CZYTAJ TAKŻE: Komentator C+: Powraca włoski cyrk!
Jeśli chodzi o Holendrów to o ich szkoleniu napisano i powiedziano już chyba wszystko. Drużyna do lat 17 to mieszanka graczy Ajaxu, PSV, Feyenoordu z domieszką graczy z Vitesse, czy Groningen, w której warto zwrócić uwagę na trzech zawodników. Pierwszy z nich Yanick Van Osch, bramkarz z Eindhoven, który dysponuje świetnymi warunkami fizycznymi i wyśmienitym refleksem. Drugi to Jari Schuurman, pomocnik obdarzony tak zwaną szybką nogą, potrafiący znaleźć rozwiązanie w najtrudniejszych sytuacjach, jak na swój wiek pewnie i dobrze rozgrywający piłkę. Trzeci, lecz nie znaczy to, że obdarzony najmniejszym potencjałem jest napastnik PSV, Steven Bergwijn, który dysponuje świetną techniką i jest fantastyczny w grze jeden na jednego.

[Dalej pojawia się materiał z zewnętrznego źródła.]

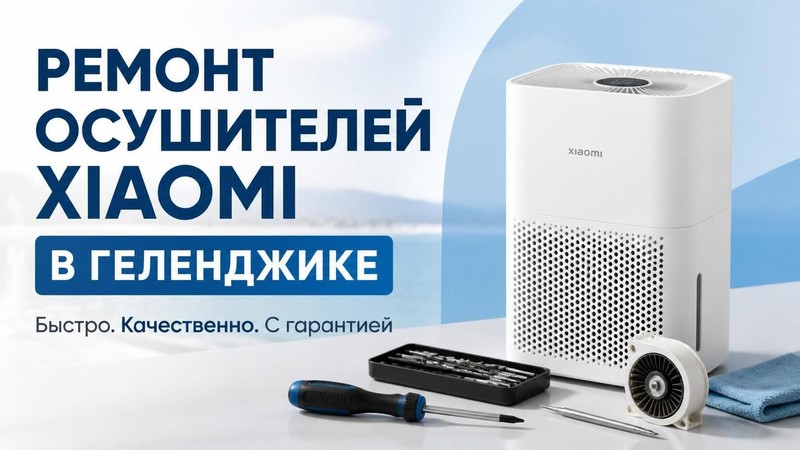 Ремонт осушителей Xiaomi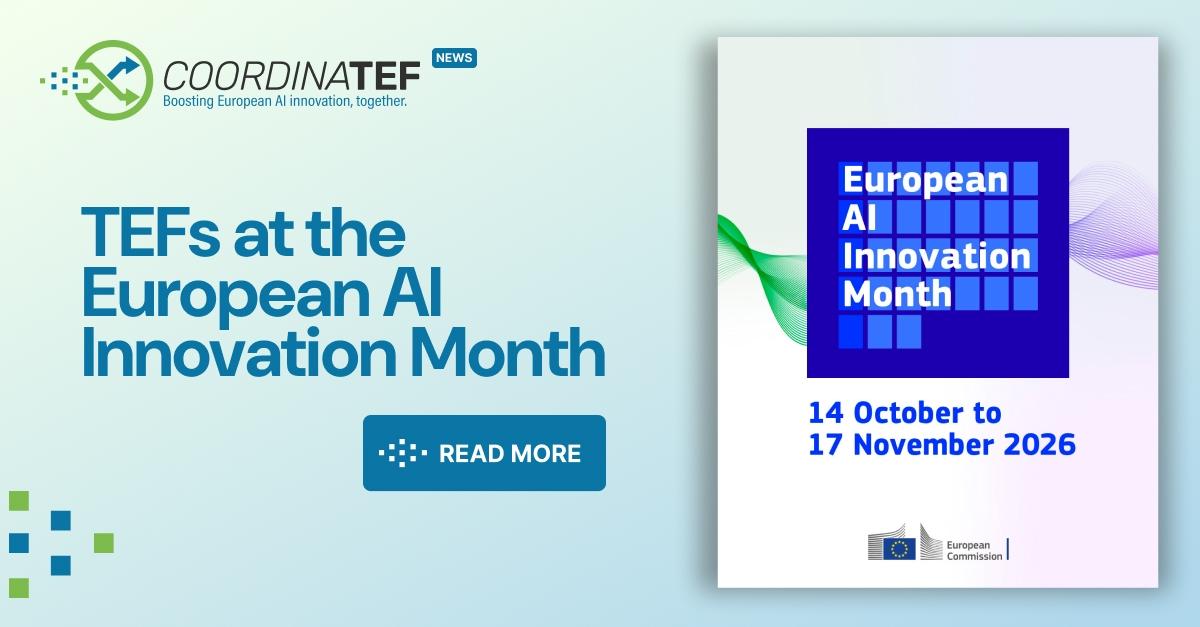 TEFs at the European AI Innovation Month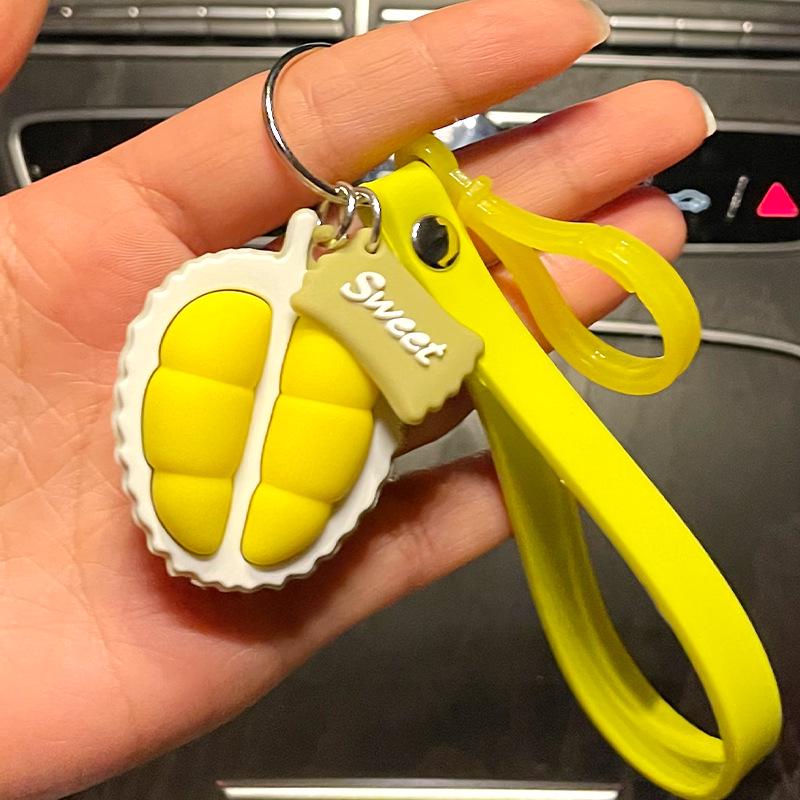 Pikachu Avocado Plüsch Schlüsselanhänger Anhänger für Kinder Taschen und Autoschlüssel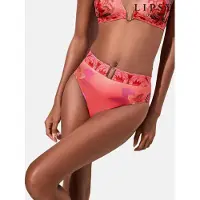 Lipsy Bikiniunderdel 'Florrie' lila / rosa / hallon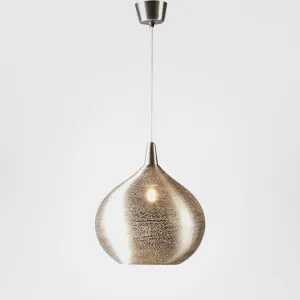 Amstel Ceiling Pendant Large Silver by Emac & Lawton, a Pendant Lighting for sale on Style Sourcebook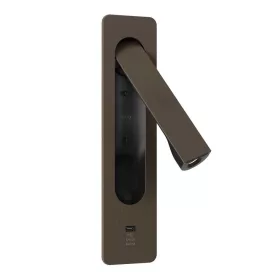 Astro design lámpa Keta USB C IP20 bronz mag 25.6cm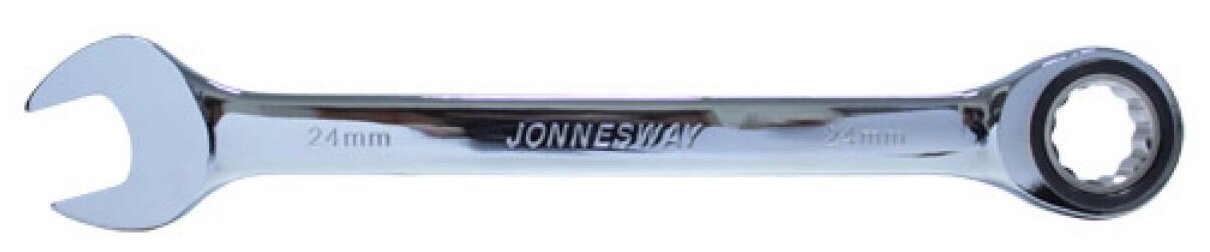 Ключ комбинированный Jonnesway трещоточный 15мм - фото №6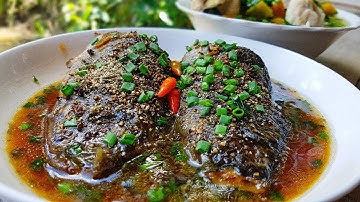 Cá rô kho tiêu, Canh bí sườn heo | Bữa cơm 100K #356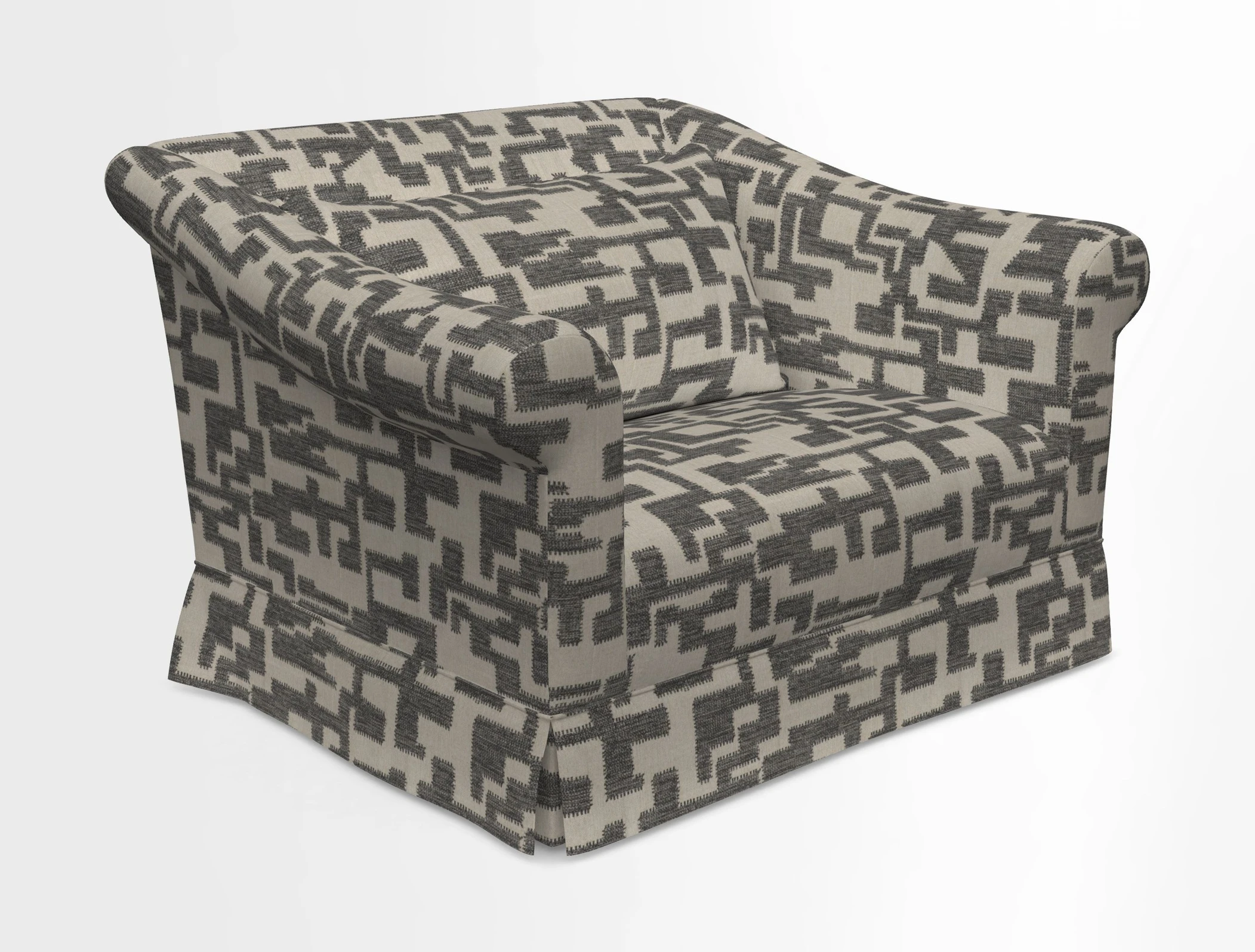 Turnberry Snuggler in Two Tone Plain Biscuit 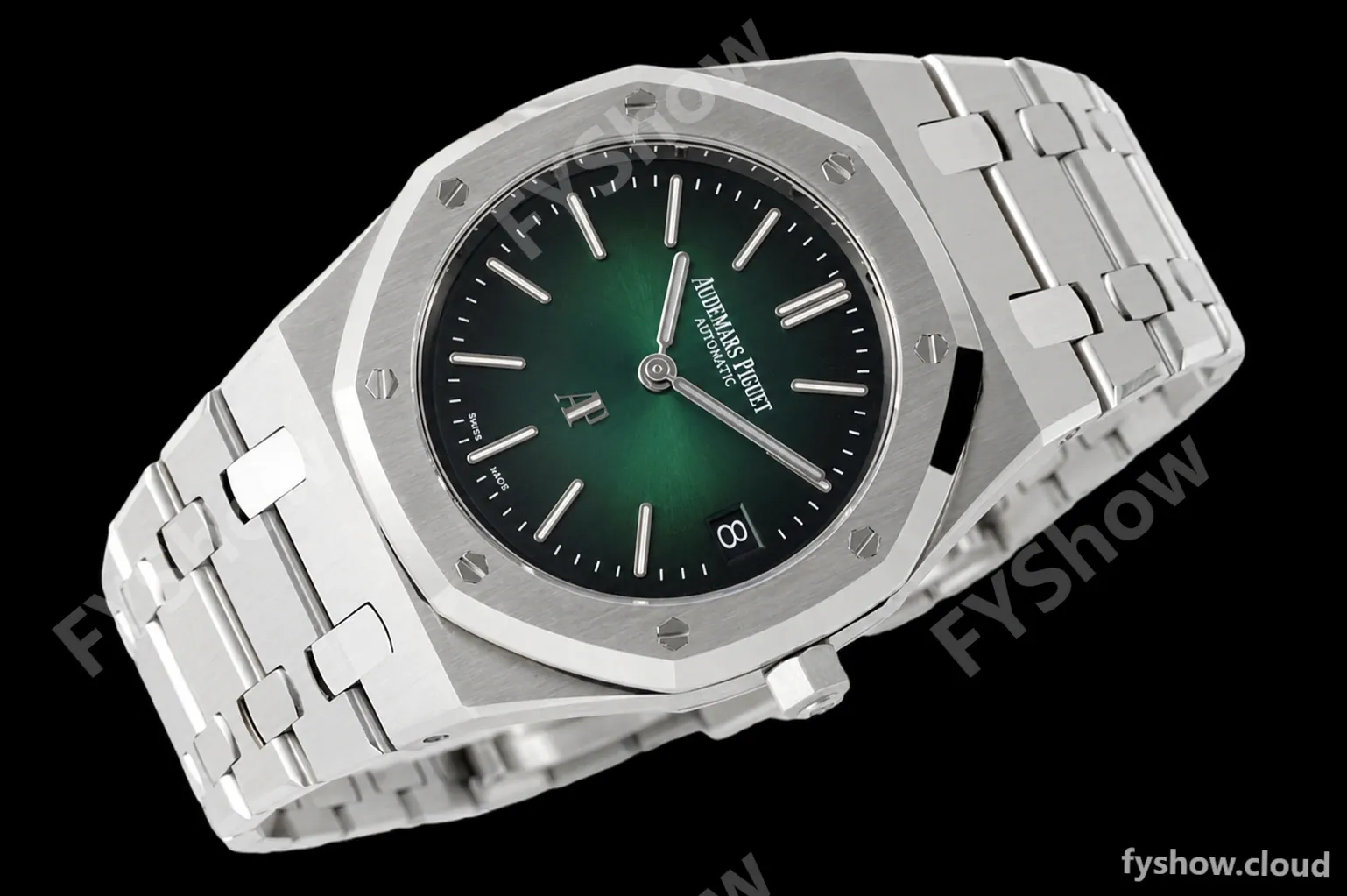 Audemars Piguet - Royal Oak 15400OR RG/RG Black ZF V2 A3120 - Image 4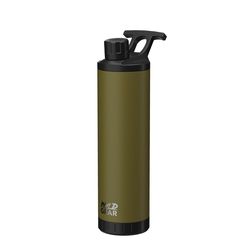 Wyld Gear MAG 24 oz OD Green BPA Free Double Wall Vacuum Insulated Bottle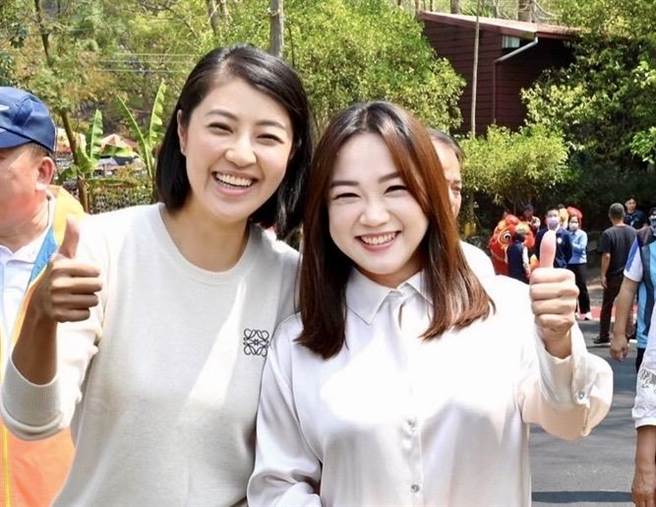 立委马文君获国民党提名拚2024连任，她感谢许淑华支持，认为战争无赢家，，呼吁政府努力谋和。（马文君提供／杨静茹南投传真）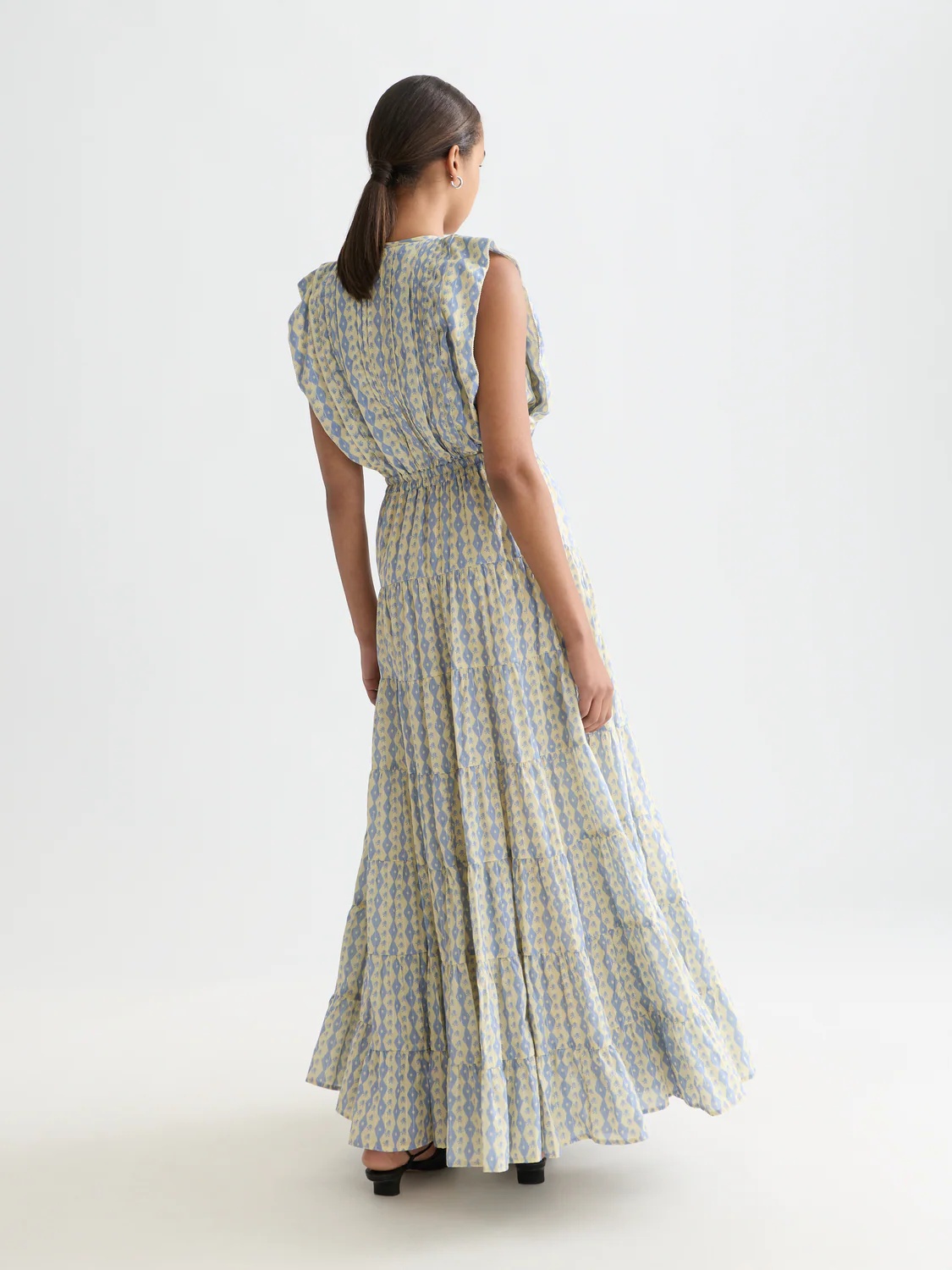SCOTCH & SODA - Printed Tiered Maxi Dress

Ale wymienieni wyżej to nie jedyni, których rozwój warto obserwować. Jest Mata, kreatywny Portugalczyk, Fatih Aktay, skuteczny Turek, czy Szkot Ryan Hardie. O kilku zawodnikach, którzy reprezentowali swe kraje na rozgrywanych na Malcie mistrzostwach za kilka lat na pewno usłyszymy. Pytanie brzmi: O których?